I happened to come across a writ petition in the BHC by someone claiming to be an RTI activist seeking investigation of BMC paying an amount of Rs. 82 lakhs to Shri. Aspi Chenoy for his appearance on behalf of the BMC in a case instituted by Kangana Ranaut, so too seeking the withdrawal of his senior designation. Shri Aspi Chenoy is one with whom I share a warm relationship and have disagreements with him only on certain issues of public concern. I hold him in high esteem. Though it cannot be disputed that there are many well meaning RTI activists who do yeoman service sometimes even risking their very  lives for a public cause, there are any number of RTI activists who are extrortionists.

I am no one to comment on the credentials of Mr. Sharad Yadav who has instituted the writ petition as aforesaid. Even assuming him be malicious and ill-motivated the payment of astronomical amounts to lawyers by the public authorities/statutory bodies like BMC in defending cases of no real public interest as in Kangana Ranaut’s case is a matter of great concern. The statistics which NLC could gather, though incomplete, would show that crores and crores of public money is wasted as fees to senior advocates which serve no public interest whatsoever, nay, often are  contrary to the public interest. Many state governments have spent crores of rupees in engaging senior advocates to oppose investigation of even heinous crimes by the CBI while public interest demand that investigation should be allowed to be conducted.

Very often the senior counsels who are paid crores of rupees as fees, instead of defending the public purpose, utilize such engagements for advancement of their private interests.
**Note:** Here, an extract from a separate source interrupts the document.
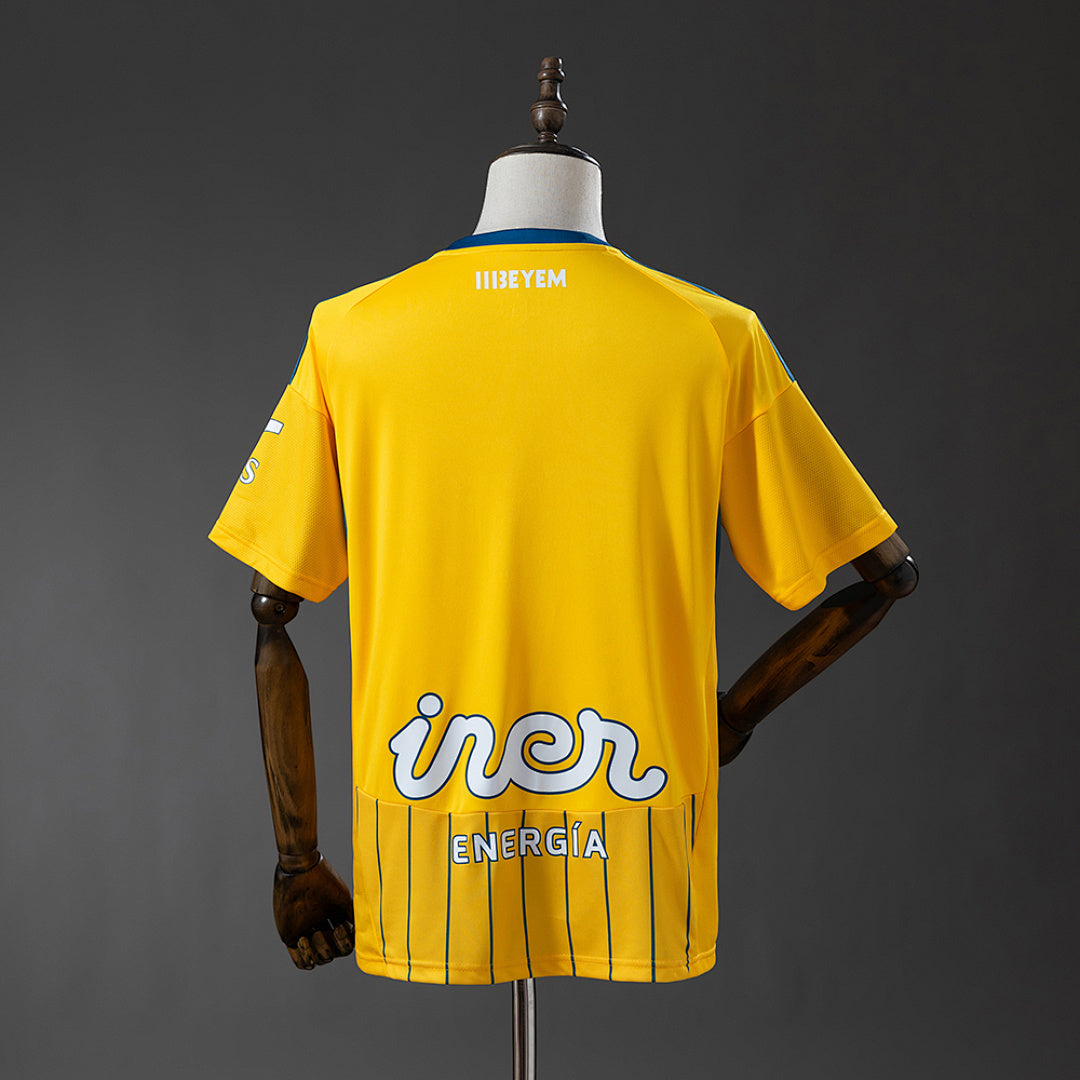 Camiseta Albacete Tercera 2025/26 - espalda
The NJAC case is a classic example. The Union of India and the various state governments paid crores as fees to senior advocates  to defend the Constitution 99th Amendment Act. However, none of them were really concerned about defending the government. For them, it was an opportunity to appease the judges for in the NJAC case the real Petitioners were the Hon’ble judges who had used the lawyer’s body, SCAORA, as a pawn to retain their monopoly in the appointment of judges. None of the senior lawyers even raised the core issue of the very non-maintainability of SCAORA’s PIL, for it couldn’t have invoked Article 32 without pleading violation of fundamental rights.

The Indian judiciary is at crossroads. Unless we allow it to be criticized, hold the mirror towards it and are willing to cure the serious malaises it is  suffering from, it has no future at all.
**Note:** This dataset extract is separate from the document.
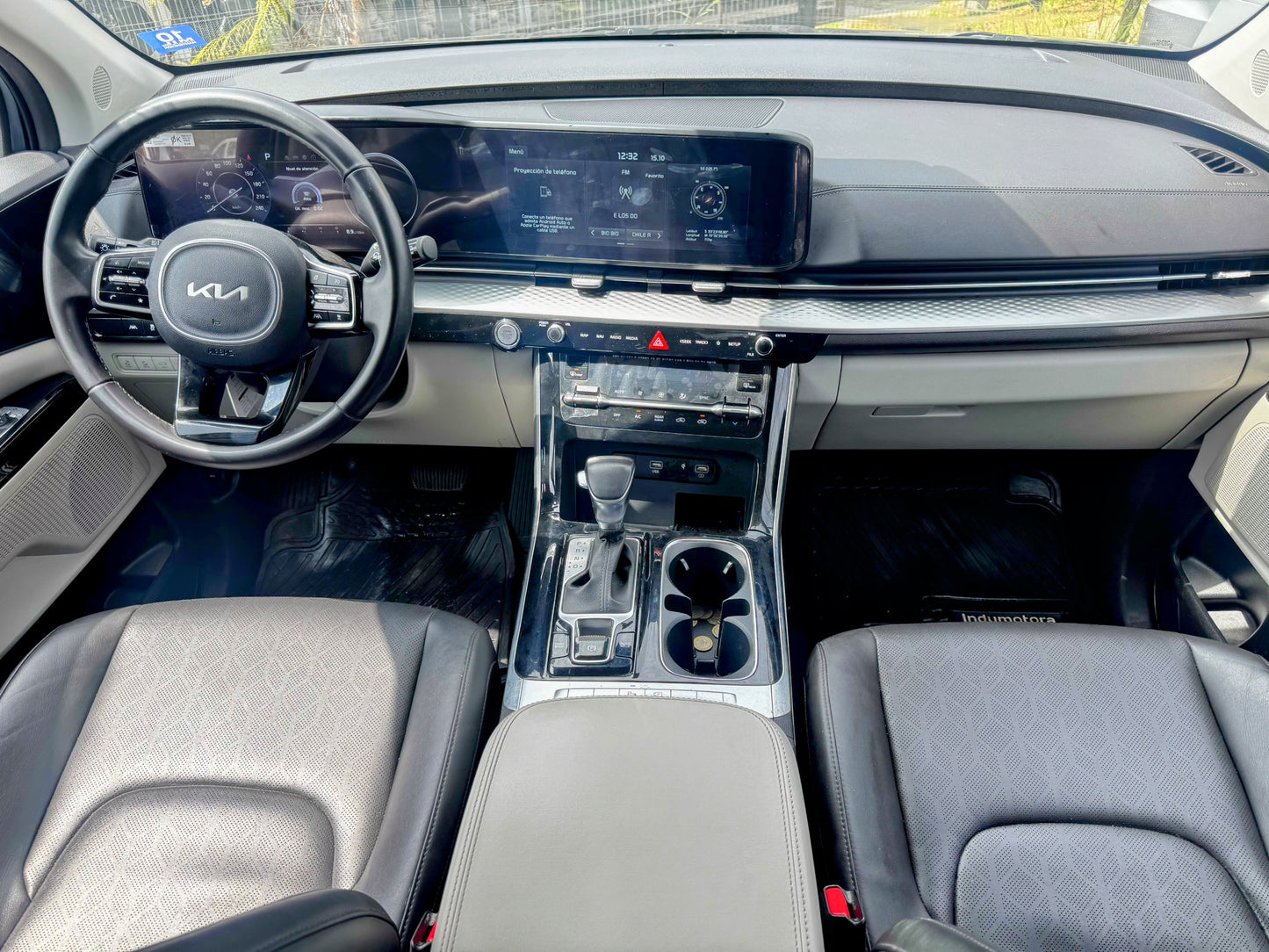 KIA NEW CARNIVAL 2.2 DSL 2024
Today, the courts refuse to afford a fair hearing to the ordinary lawyer, holding the brief for a poor litigant. Even petitions under Article 32 involving issues of life and death are dismissed by non-speaking orders, not to speak of petitions under Article 136. Article 137 of the constitution which provides for review is a dead letter today, because almost all review petitions are dismissed in chambers without a hearing, by non-speaking orders.

With the virtual court becoming the norm today, only the Harish Salves, Rohotghis, Kapils, Singhvis are heard, no matter how grave the issues which an ordinary lawyer or a  party-in-person  seeks to expound.
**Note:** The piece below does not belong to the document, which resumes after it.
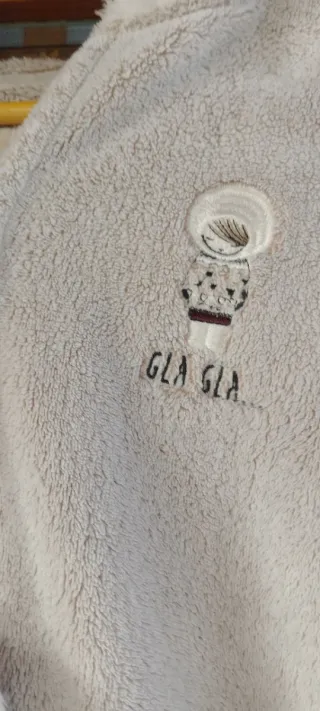 Pijama mono entero M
The fact that even state governments and public authorities spend crores of rupees to engage a few lawyers even when they have a well structured establishment to conduct cases like the Advocate Generals, standing counsel, etc., is the undeniable proof of the perception that our superior courts do not extend fair hearing to all and sadly  prefer a few lawyers at the expense of others. Such ex facie discriminatory practice, some people seem to justify as based on merit and competence. Nothing could be fartherer from truth than that. In many high courts young lawyers, even less than 10 years of standing, can demand a fee ten  times more than that of their peers and equal to that of a lawyer of their father’s age because they can assuredly get “justice” being the sons/daughters/nephews of sitting and retired judges qua the ordinary lawyers.

Things will not change unless the system of judges designating lawyers as senior advocates and ‘judges appointing themselves’ is abolished.